Bug #11522
closedURI::decode returns incorrectly encoding strings
Description
When given unicode characters to encode and decode, the URI module returns a string with an invalid encoding.
irb(main):026:0* unicode = 'œ´å∑®´ß∂†≈©ƒç˙©√∆˙∫˚∆~¬'
=> "œ´å∑®´ß∂†≈©ƒç˙©√∆˙∫˚∆~¬"
irb(main):027:0> unicode.encoding
=> #<Encoding:UTF-8>
irb(main):028:0> unicode.valid_encoding?
=> true
irb(main):029:0> encoded = URI::encode(unicode)
=> "%C5%93%C2%B4%C3%A5%E2%88%91%C2%AE%C2%B4%C3%9F%E2%88%82%E2%80%A0%E2%89%88%C2%A9%C6%92%C3%A7%CB%99%C2%A9%E2%88%9A%E2%88%86%CB%99%E2%88%AB%CB%9A%E2%88%86~%C2%AC"
irb(main):030:0> encoded.encoding
=> #<Encoding:US-ASCII>
irb(main):031:0> encoded.valid_encoding?
=> true
irb(main):032:0> decoded = URI::decode(encoded)
=> "\xC5\x93\xC2\xB4\xC3\xA5\xE2\x88\x91\xC2\xAE\xC2\xB4\xC3\x9F\xE2\x88\x82\xE2\x80\xA0\xE2\x89\x88\xC2\xA9\xC6\x92\xC3\xA7\xCB\x99\xC2\xA9\xE2\x88\x9A\xE2\x88\x86\xCB\x99\xE2\x88\xAB\xCB\x9A\xE2\x88\x86~\xC2\xAC"
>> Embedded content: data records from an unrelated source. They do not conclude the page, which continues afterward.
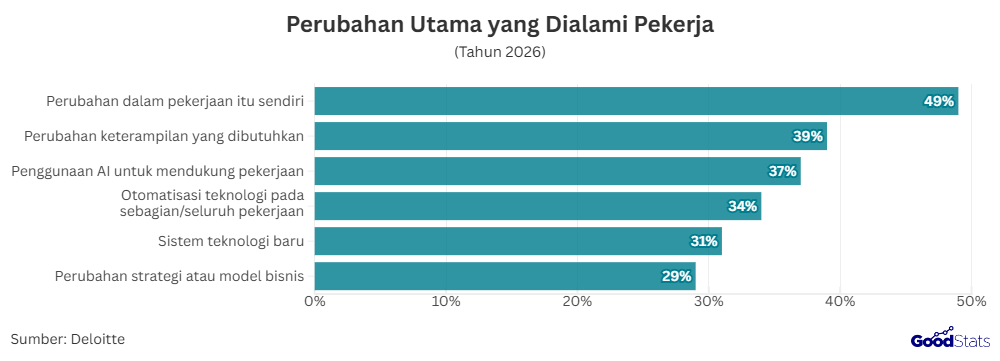 Perubahan Utama yang Dialami Pekerja | GoodStats 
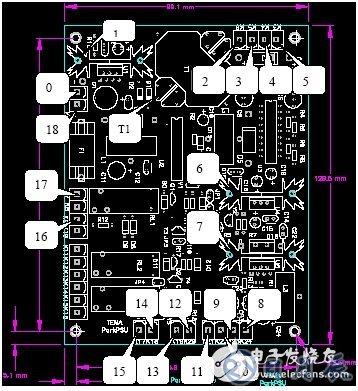 計算機輔助EMC診斷簡化電子產品EMC測試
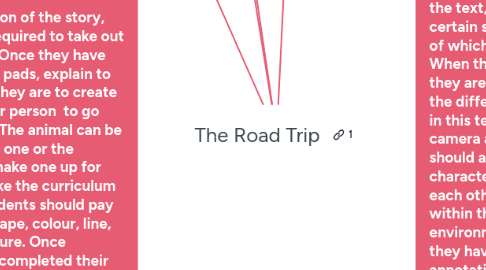 Mind Map: The Road Trip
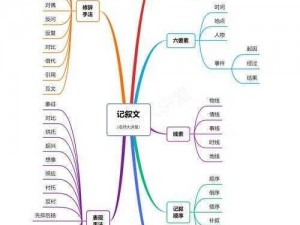 公交车短文 100 篇阅读答案，解析详尽，助你轻松提升阅读能力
irb(main):033:0> decoded.encoding
=> #<Encoding:US-ASCII>
irb(main):034:0> decoded.valid_encoding?
=> false
I would expect decoded to have a valid encoding - probably as UTF-8?
        
           Updated by charlieda (Charlie Anderson) about 10 years ago
          Updated by charlieda (Charlie Anderson) about 10 years ago
          
          
        
        
      
      - Assignee set to akira (akira yamada)
        
           Updated by nobu (Nobuyoshi Nakada) about 10 years ago
          Updated by nobu (Nobuyoshi Nakada) about 10 years ago
          
          
        
        
      
      It has no hints for encoding.
        
           Updated by usa (Usaku NAKAMURA) about 10 years ago
          Updated by usa (Usaku NAKAMURA) about 10 years ago
          
          
        
        
      
      I agree with you, nobu.
But, it should be ASCII-8BIT, not US-ASCII.
        
           Updated by nobu (Nobuyoshi Nakada) about 10 years ago
          Updated by nobu (Nobuyoshi Nakada) about 10 years ago
          
          
        
        
      
      - Status changed from Open to Rejected
Firstly, URI.unescape is obsolete.
CGI.unescape, which sets the encoding to @@accept_charset, may work for you.
        
           Updated by duerst (Martin Dürst) about 10 years ago
          Updated by duerst (Martin Dürst) about 10 years ago
          
          
        
        
      
      Nobuyoshi Nakada wrote:
It has no hints for encoding.
In theory, that's correct. In practice, there are several better possibilities.
- 
We can add an additional parameter that indicates the encoding. 
- 
We can default to UTF-8. That's because most URIs that contain non-ASCII byte values these days are based on UTF-8, and their percentage is increasing steadily. 
- 
We can check whether using UTF-8 makes sense or not. If the bytes are valid UTF-8, then the chance that they are anything else than UTF-8 is virtually 0. 
- 
and 2) are already done by CGI.unescape. But 3) isn't. Also, CGI.unescape changes '+' to ' ', which is desirable in some contexts (query parts in http(s) URIs), but not in others (e.g. mailto URIs).